Folk Arts of Norway, 2018

The outdoor exhibition was extensive, with relocated and restored farm buildings of all types: homes, granaries, outbuildings, and barns. There was a reconstructed “old town” with a collection of shops and dwellings from the cities and towns of bygone times in Oslo. There was a striking stavkirke (stave church), and also some examples of buildings from summer dairy farms called seters.  Many of Joan and Justin’s female ancestors from the Sogn og Fjordane region had been summer dairy milkmaids, or seterbudeia, residing the entire season temporarily in cottages on the seter. Our cameras were busy, recording rooflines, steeples, lintels and doorways, chronicling the everyday constructions that must have been home and hearth and neighborhood to generations of Joan and Justin’s ancestors.

Justin and Greg at the outdoor museum on Bygdøy, 2018

We could have spent longer on these extensive grounds, but a tourist’s day is finite, and there was one museum left on our itinerary. A little bit of a walk took us to the Maritime Museum. While Joan’s maternal grandmother’s ancestors had emigrated from the small farms along the Nordjord, her maternal grandfather’s people had come from islands off the Western coast, Vikna and Leka—the islands we had passed earlier in the week. They had farmed, but also extensively fished, living as they did, in constant contact with the sea. They had been skippers, mates, and crewmen on a myriad ships and pursued the Norwegian cod in the Lofoten Islands for generations.

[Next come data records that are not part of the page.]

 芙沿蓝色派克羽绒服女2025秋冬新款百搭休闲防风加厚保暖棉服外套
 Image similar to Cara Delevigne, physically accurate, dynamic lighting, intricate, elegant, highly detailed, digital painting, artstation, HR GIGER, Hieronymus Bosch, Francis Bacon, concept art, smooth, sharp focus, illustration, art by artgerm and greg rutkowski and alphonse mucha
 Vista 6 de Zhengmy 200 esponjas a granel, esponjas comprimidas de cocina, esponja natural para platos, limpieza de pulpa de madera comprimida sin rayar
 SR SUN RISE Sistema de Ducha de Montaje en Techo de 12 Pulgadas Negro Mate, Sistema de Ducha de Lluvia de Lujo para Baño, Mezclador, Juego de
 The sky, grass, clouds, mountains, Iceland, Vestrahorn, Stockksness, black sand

Many of her ancestors paid for their unspoken contract with the Norwegian sea using the only currency that mattered, their lives.

The Maritime Museum captured quite effectively the long and entangled history of Norway and the sea. A history of fjord sailing, coastal navigation, and transatlantic crossing. A history of fighting, fishing, and freight; a history of the transportation of a great portion of an entire people to America via emigration, and, now, lately, of luxury cruises and tourist amenities. One exhibit, quite striking, allowed visitors to imagine themselves on a vintage cruise ship, perhaps an early iteration of the vessels that first began to take passengers on tours along the Western coast to the North Cape. We could climb the wooden staircase up and down from panoramic lounge to dining room, and to the first- and second-class cabins. We had a clearer visual sense of how Casper and Gjertine’s 1932 journey must have been. Later, we stumbled upon a large-scale replica of the MS Stavangerfjord, the very ship that had transported her great-grandparents from Oslo, to Bergen, to Trondheim and finally up the coast to the northernmost tip of Norway, the eighty-six-year-old journey that we had, to some great degree, just replicated a few days before.

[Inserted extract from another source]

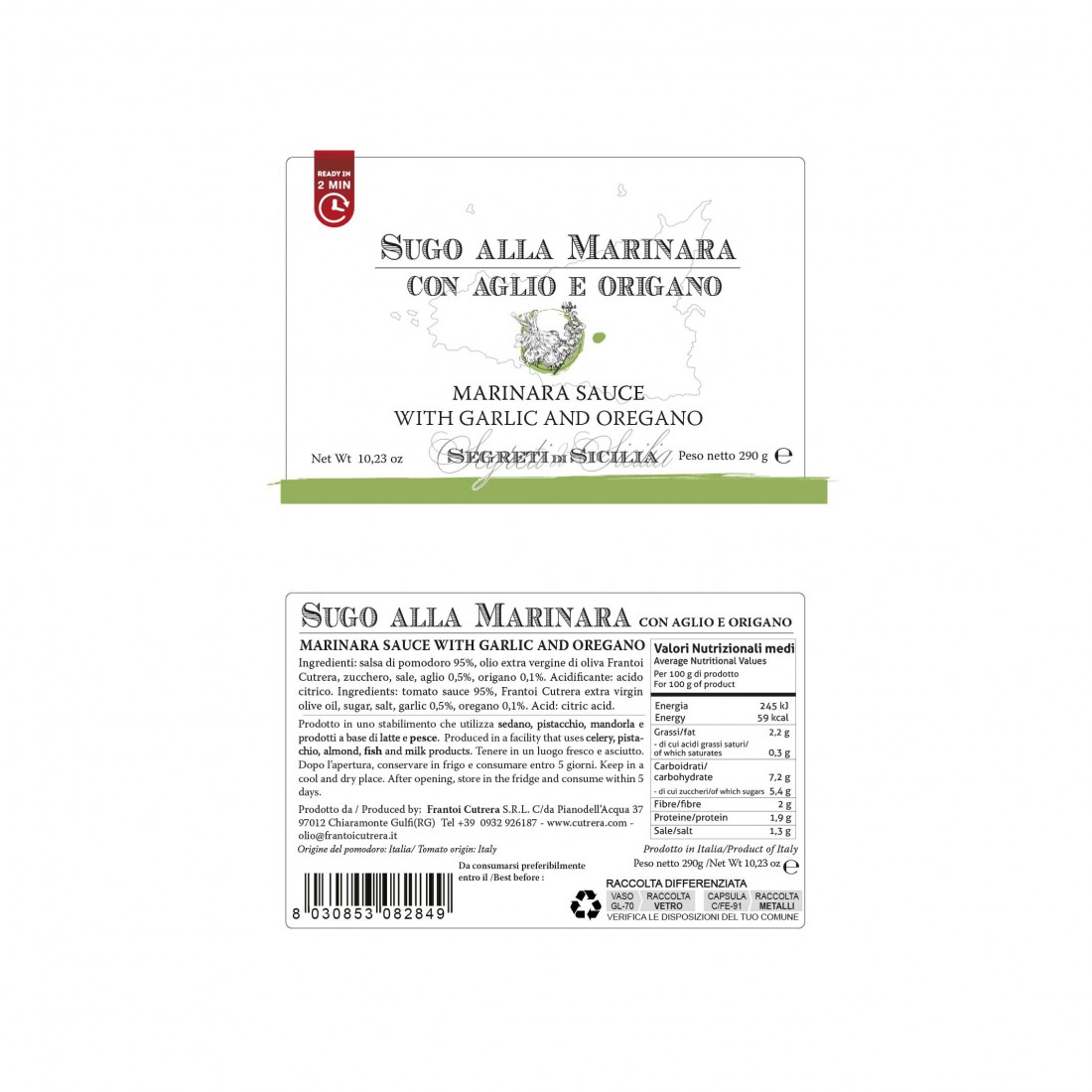Produktlabel Sugo alla Marinara von Cutrera aus Sizilien Italien klein Produktlabel Sugo alla Marinara von Cutrera aus Sizilien Italien klein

A Scale Model of the SS Stavangerfjord, 2018

However, as exciting as our discovery of the Stavangerfjord was, one of the most affecting exhibits was not this large model, but a very small painting by Christian Krohg in the maritime art gallery, entitled, simply, “The Herring Are In” [Silda kommer]. It depicts Norwegian fishermen in the street of a small town, putting on slickers and running for their boats. Two women are leaning out of windows, watching them hurry away to the sea. Their postures express a mix of hope for a bountiful catch and of unspoken fear. Joan and Greg remember the fiskerbondekona statue in the Rørvik town square we saw fifteen years ago—a fisherman’s wife looking out to sea with an expression of both expectancy and dread. The Norwegian sea is the source of life and health and wealth, but also of unexpected violence, death, and sorrow.

Silda kommer by Christian Krohg, Oslo Maritime Museum

Thoughtful, we returned to the ferry, navigating our own way back home by water and then by land. We turned in, after a cobbled together dinner of sandwiches, thinking already of our last full day in Oslo tomorrow.